Montag, 1. August 1932, 5. Tag
Walter [Vinnenberg[1] brachte uns aus Münster die Wahlergebnisse mit. Sie lauteten allgemein besser als voriges Mal [14.9.1930]: Nazi [NSDAP] 230, Sozi [SPD] 126, Zentrum 75 (!), KPD 89 (!), DNVP 37. (Der „Erfolg“ Papens). Es besteht eine „schwarz-braune“ Mehrheit. Die Schlüsselstellung des Zentrums bleibt. Papen hat eine Schlappe erlitten, ohne Zweifel. – Nach Verschlingung der Zeitung verschlangen wir das Mittagsmahl.
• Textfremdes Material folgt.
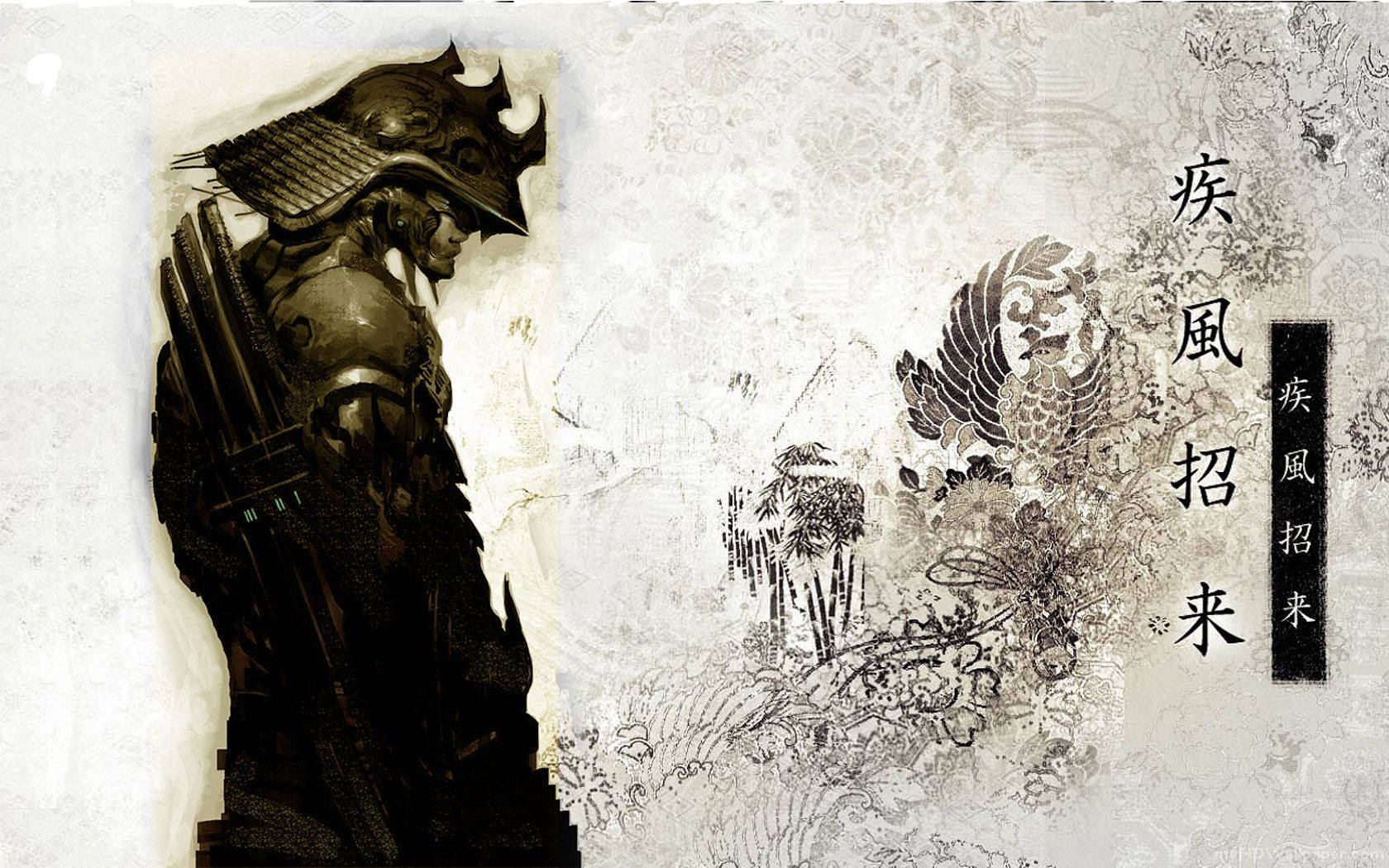 samurai warrior, dark armor, traditional Japanese ink wash art, HD Desktop Wallpaper
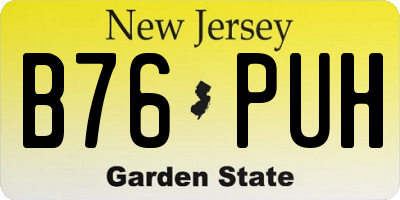 NJ license plate B76PUH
[1] Prälat Dr. phil. Walter Vinnenberg (* 8.6.1901 in Lippstadt, † 1.12.1984 in Bocholt) – Priesterweihe 27.2.1926 in Münster – Kaplan in Kleve St. Mariä Himmelfahrt u. Religionslehrer am Gymnasium in Kleve in allen Klassen 1.4.1926 bis Pfingsten 1929 – Außerdem unterrichtete er Hebräisch und Sport und leitete eine religionsphilosophische Arbeitsgemeinschaft. Später unterrichtete er auch Französisch. Er gewann Karl Leisner für die Jugendarbeit und gab den Anstoß zur Gruppenbildung. Mit den Jungen unternahm er zahlreiche Fahrten auch noch nach seiner Tätigkeit in Kleve.
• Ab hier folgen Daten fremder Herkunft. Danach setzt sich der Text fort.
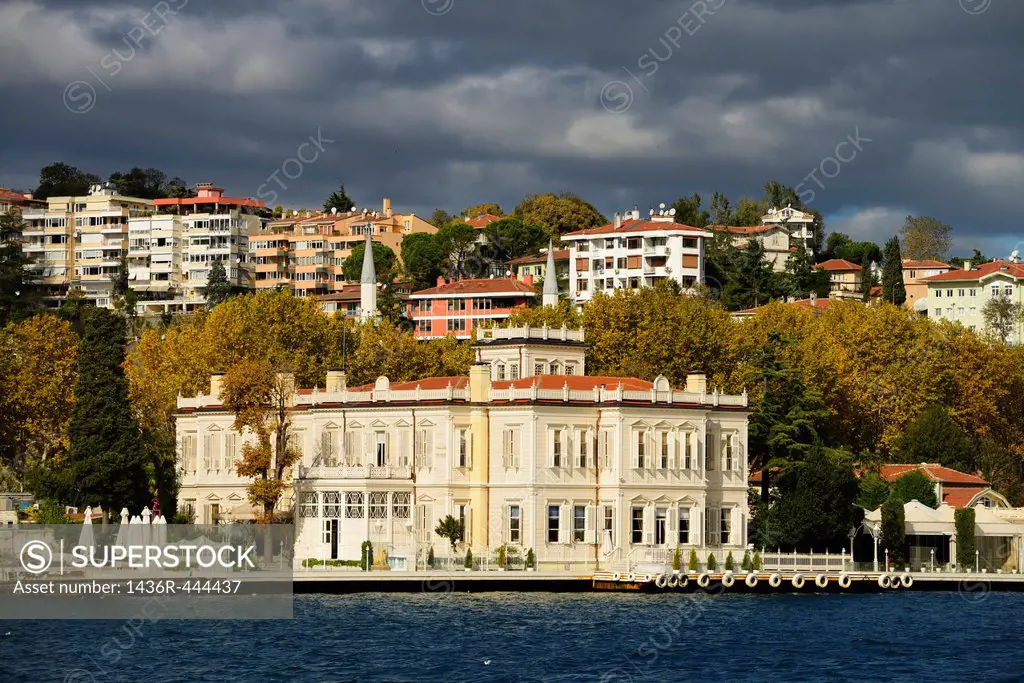Sun on Sait Halim Pasha Mansion in Yenikoy Turkey on the Bosphorus Strait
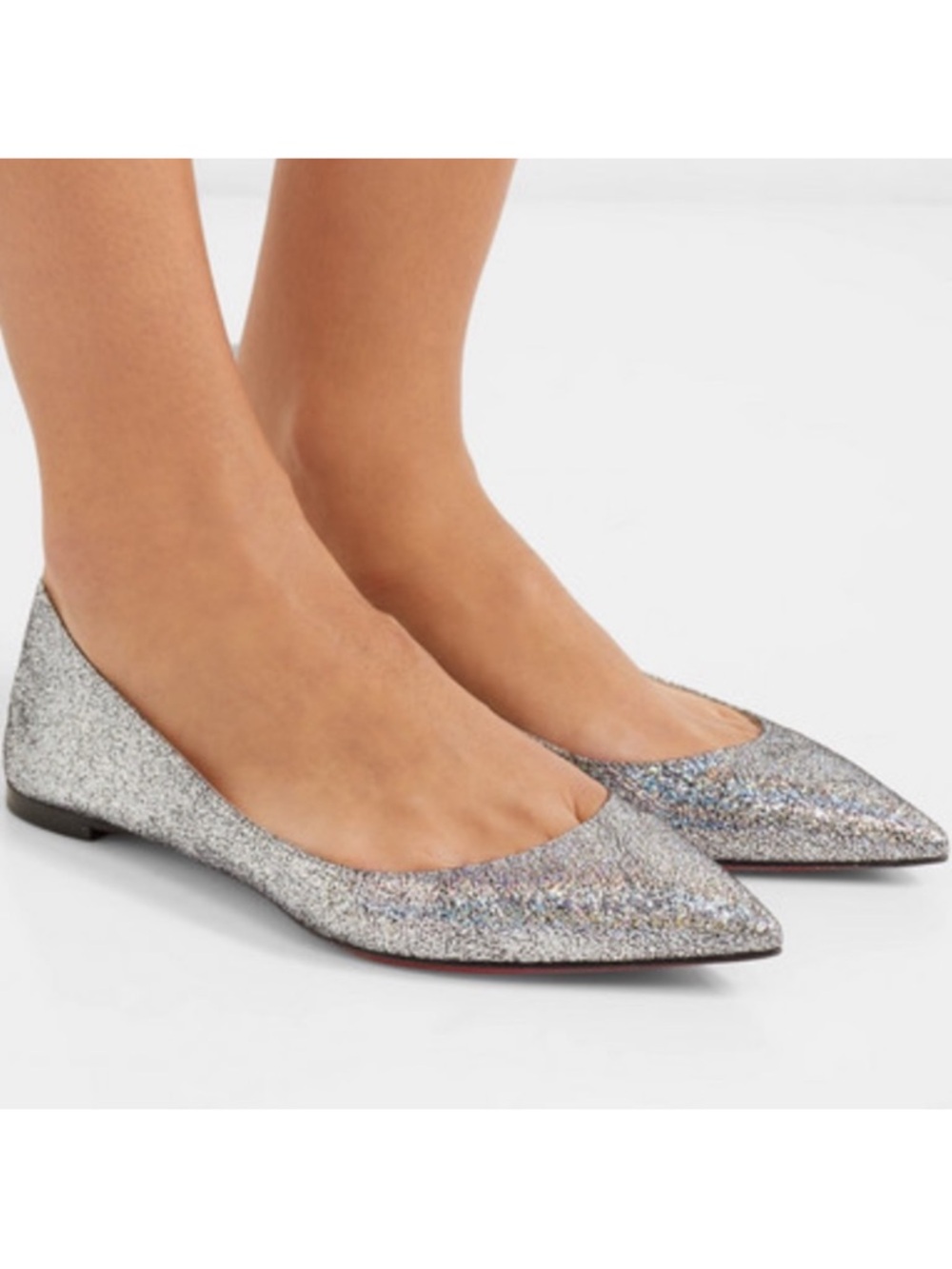 Christian Louboutin Ballalla
Pigalle Hologram iridescent flats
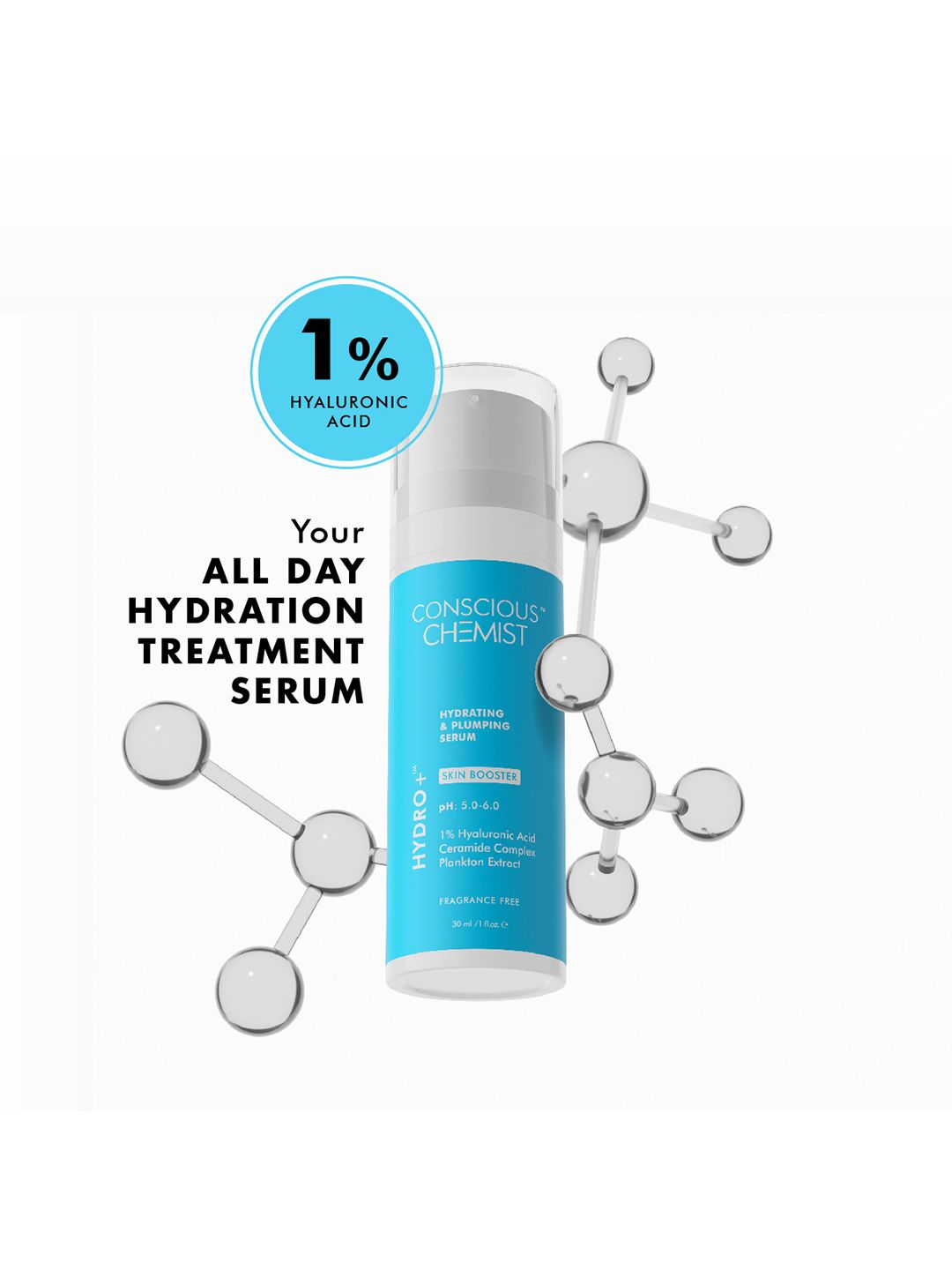 Conscious Chemist 1% Hyaluronic Acid Serum for Hydrating & Plumping Skin - 30ml
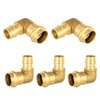 (5 Pack) FOSKAN 3/4"Press x 3/4"PEX Expansion Elbow, Brass Press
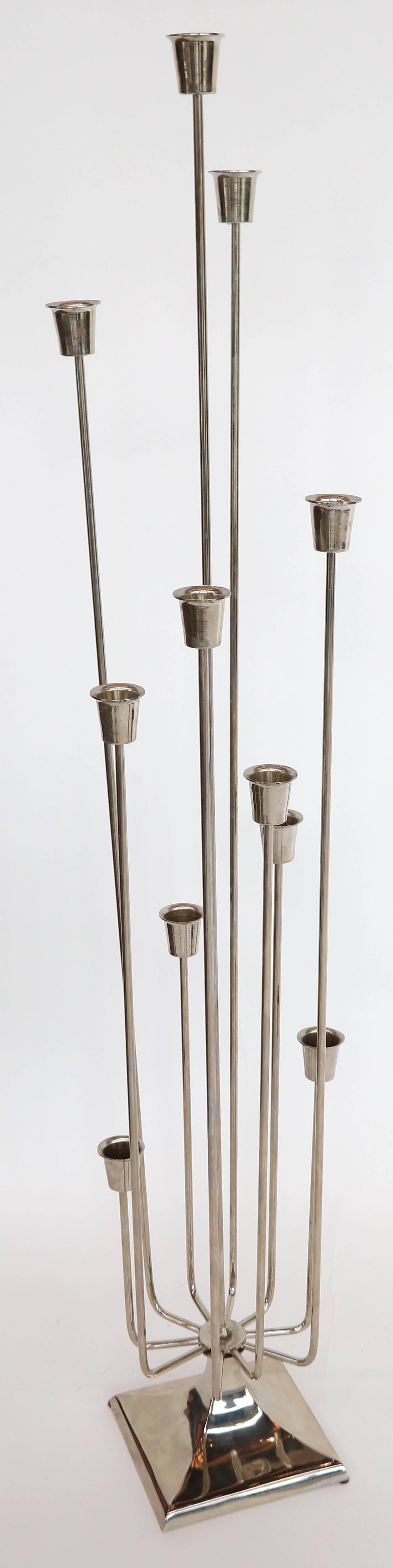 Pair of Tall 1970s Nickel-Plated Candleholders with Eleven Cups In Good Condition In Los Angeles, CA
In der Rückschau machte Karl Leisner am 30. August 1935 folgenden Eintrag:
Von Papen regierte nicht allzulange (knapp ein Jahr [1.6. bis 3.12.1932]). Er führte einen – zunächst scheinbar erfolgreichen, aber letztlich verlorenen Kampf gegen die NSDAP.
Mittwoch, 6. September 1933
10.00 Uhr 3. Tag des Religions-Hochschulkursus mit dem Vorwurf: „Die Kirche in der Gegenwart“. „Wir müssen eine gesunde Distanz von der Welt haben und in sie hinein auferstehen“. Das Konkordat: Es kommt auf die Persönlichkeiten [Eugenio Pacelli[1] und Franz von Papen] an.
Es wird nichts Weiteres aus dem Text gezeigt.